Segment Open

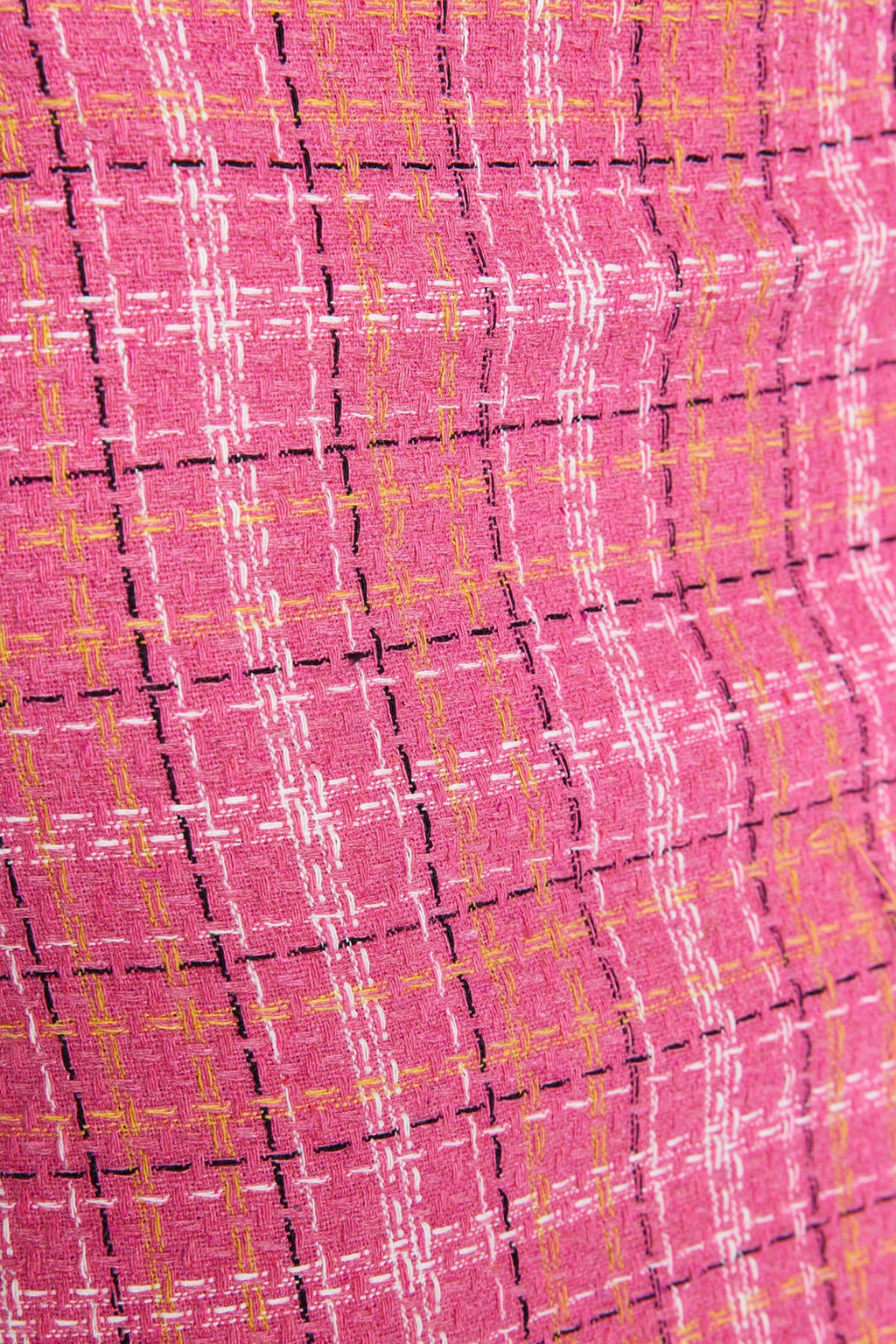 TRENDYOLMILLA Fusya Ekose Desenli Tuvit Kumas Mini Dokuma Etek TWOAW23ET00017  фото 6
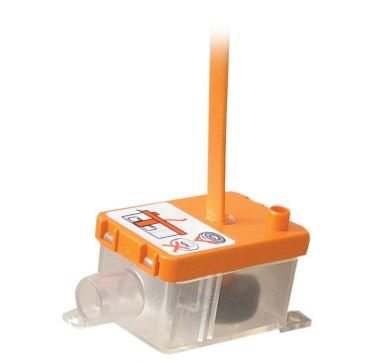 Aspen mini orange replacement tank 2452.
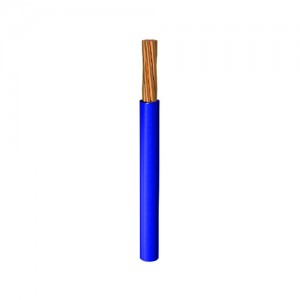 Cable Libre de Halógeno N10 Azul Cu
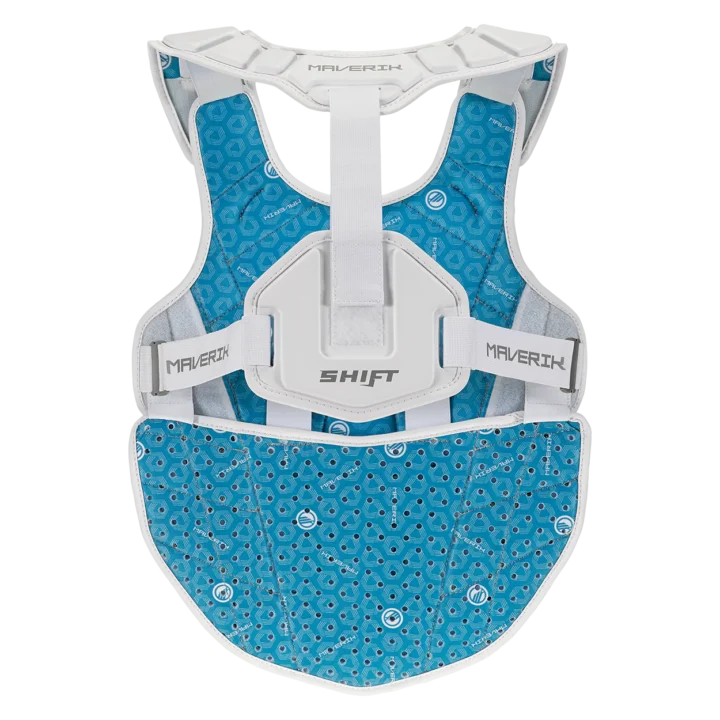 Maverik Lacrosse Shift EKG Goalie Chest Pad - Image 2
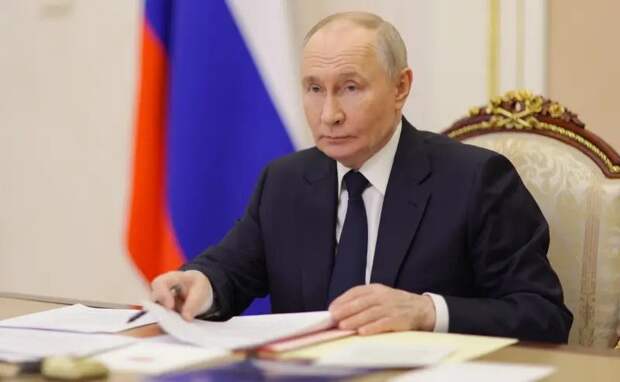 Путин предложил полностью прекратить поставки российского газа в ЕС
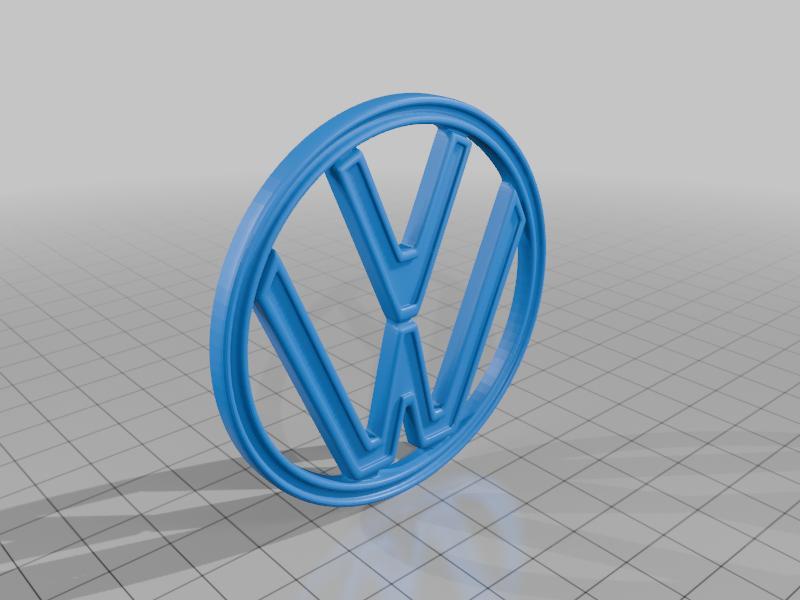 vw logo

Segment Closed

*BRIEF*
Please print the line that contains "Путин предложил полностью" along with every later line of the material, exactly, through the last one. Leave pictures out of the copy.

*OUTPUT FOR THIS TASK*
 Путин предложил полностью прекратить поставки российского газа в ЕС
 vw logo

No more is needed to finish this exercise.